I don’t claim to know how to fix the myriad problems of the healthcare system, or the society in which it is situated. All I can do is offer ideas based on what I’ve done, or wish I had done, to make sure my voice was heard. We can start by advocating for ourselves. Keep notes about your symptoms, do your research, and write down questions before your appointments. Bring a friend or family member for backup and support. Be honest and firm with your doctor about what you need.

Remember: doctors are not the infallible heroes we see on TV. They are our consultants and partners in healthcare; we pay them for their expertise, not their judgment. If a doctor refuses to take your health concerns seriously and dismisses your pain, find another one. It may not be financially feasible for you to go from doctor to doctor, so you can narrow down the list of options by checking reviews for the doctors in your area, or read what they have to say on their websites. If you already have a diagnosis, join an online support group and ask for the names of the specialists they trust.

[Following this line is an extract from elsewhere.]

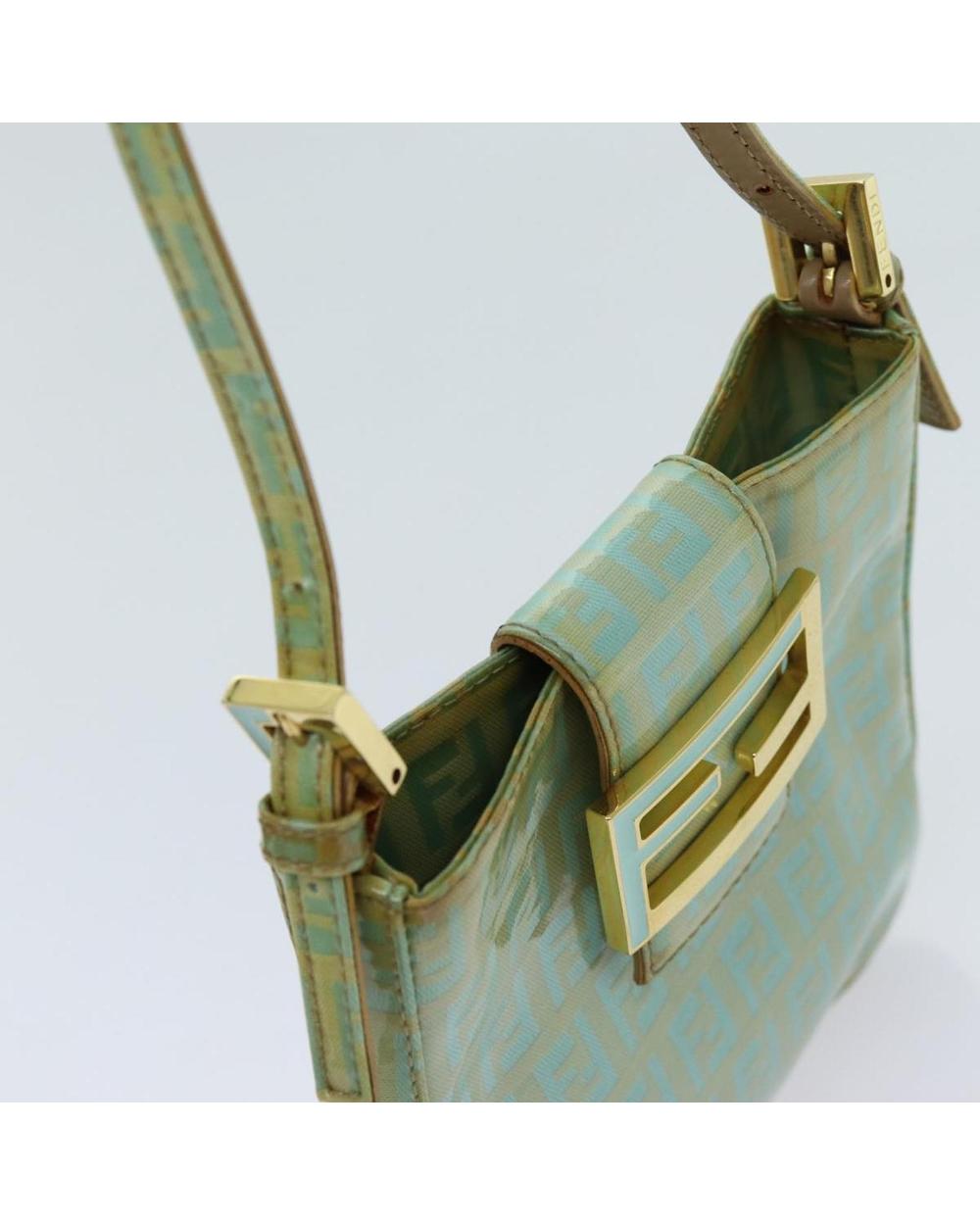Green Canvas Fendi Handbag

If you feel comfortable, take it a step further and share your experiences of dismissive doctors with others, both within those support groups and outside of them. Awareness is a predecessor of change; people can’t help fix what they do not know is an issue. This may look like posting on social media, writing reviews of doctors online, or filing a complaint if necessary. This can be difficult since you’re already struggling with your health, so don’t be afraid to ask for help from a trusted loved one, especially if the situation is serious enough to report the doctor.

We cannot change the entire medical system overnight, but we have to begin somewhere if we wish to claw our way out of this mess. Maybe someday, the medical community will listen and improve the education and training of new physicians, and established physicians will reflect on their own implicit biases. Maybe someday, research in women’s health issues will be more extensive and better funded, and diagnostic tools, clinical trials, and prescribing guidelines will improve. Maybe then, in this better world, an illness like endometriosis can be diagnosed quickly and treated effectively, or perhaps, since I’m dreaming big here, we will even find a cure.

As for me, I eventually found a doctor who listened to me, believed me and performed the surgery that gave me my life back. Within months I was pain-free and living a normal life. Ten years later, my endometriosis is still managed with one pill a day, and any occasional symptoms are mild. At 31, endometriosis is teaching me something new: I can use my voice and past experiences to raise awareness for these issues, so that maybe someday a 14-year-old girl won’t have to fight for eight years to get the medical care she needs and deserves.